### Activity:
Every line below must be copied as written, except for pictures.

### Information shown:
++++++++++++++++++++

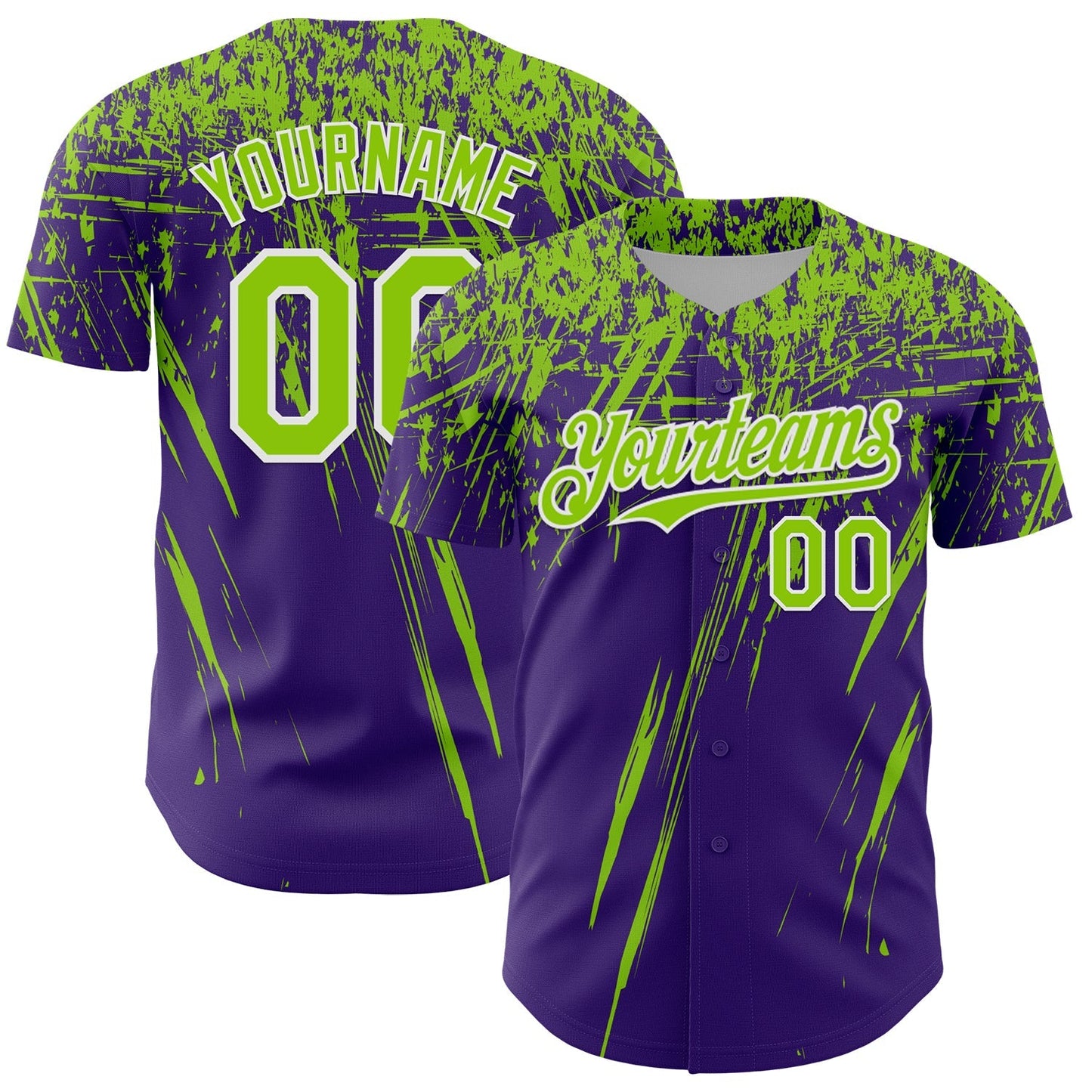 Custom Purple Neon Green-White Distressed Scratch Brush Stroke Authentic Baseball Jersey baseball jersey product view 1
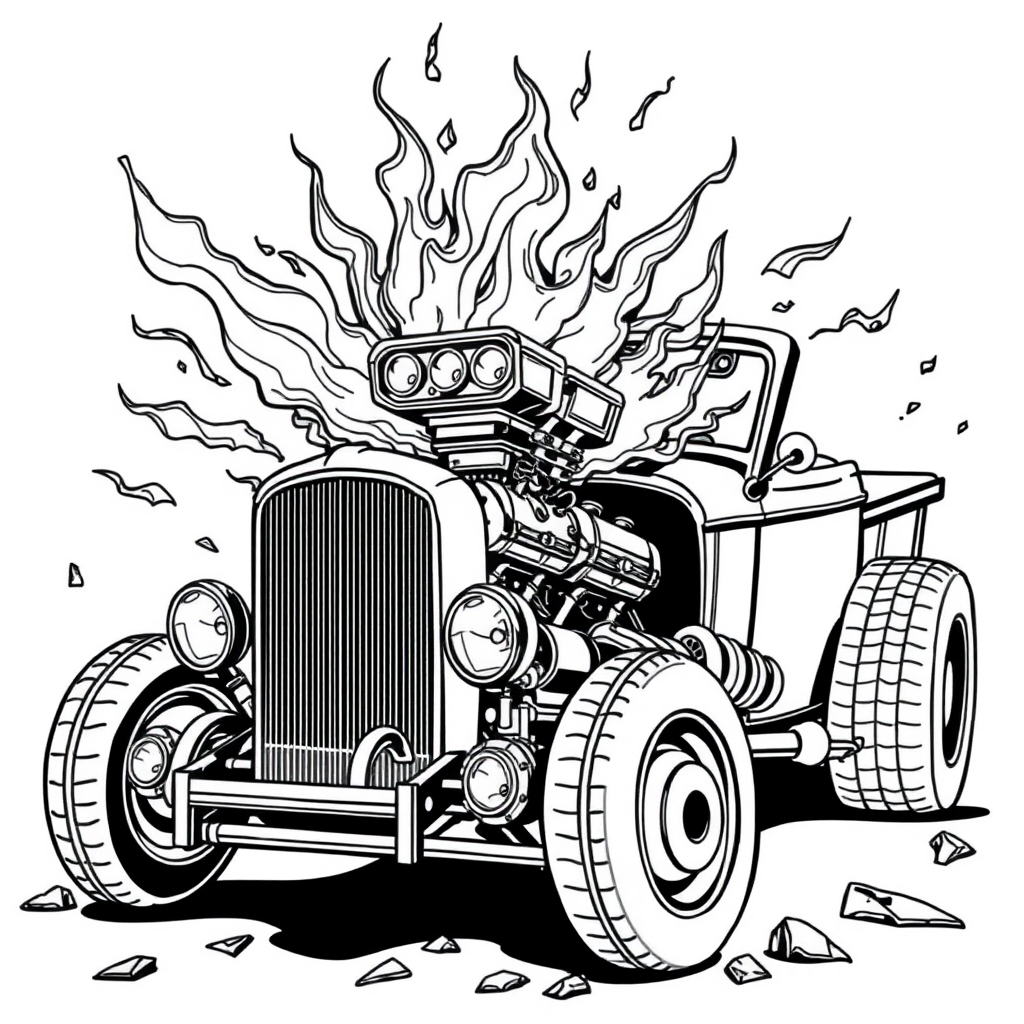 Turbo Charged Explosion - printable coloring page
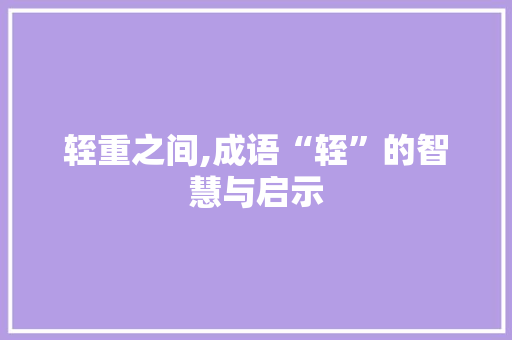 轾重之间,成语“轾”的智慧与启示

++++++++++++++++++++

### Solution to this task:
 Custom Purple Neon Green-White Distressed Scratch Brush Stroke Authentic Baseball Jersey baseball jersey product view 1
 Turbo Charged Explosion - printable coloring page
 轾重之间,成语“轾”的智慧与启示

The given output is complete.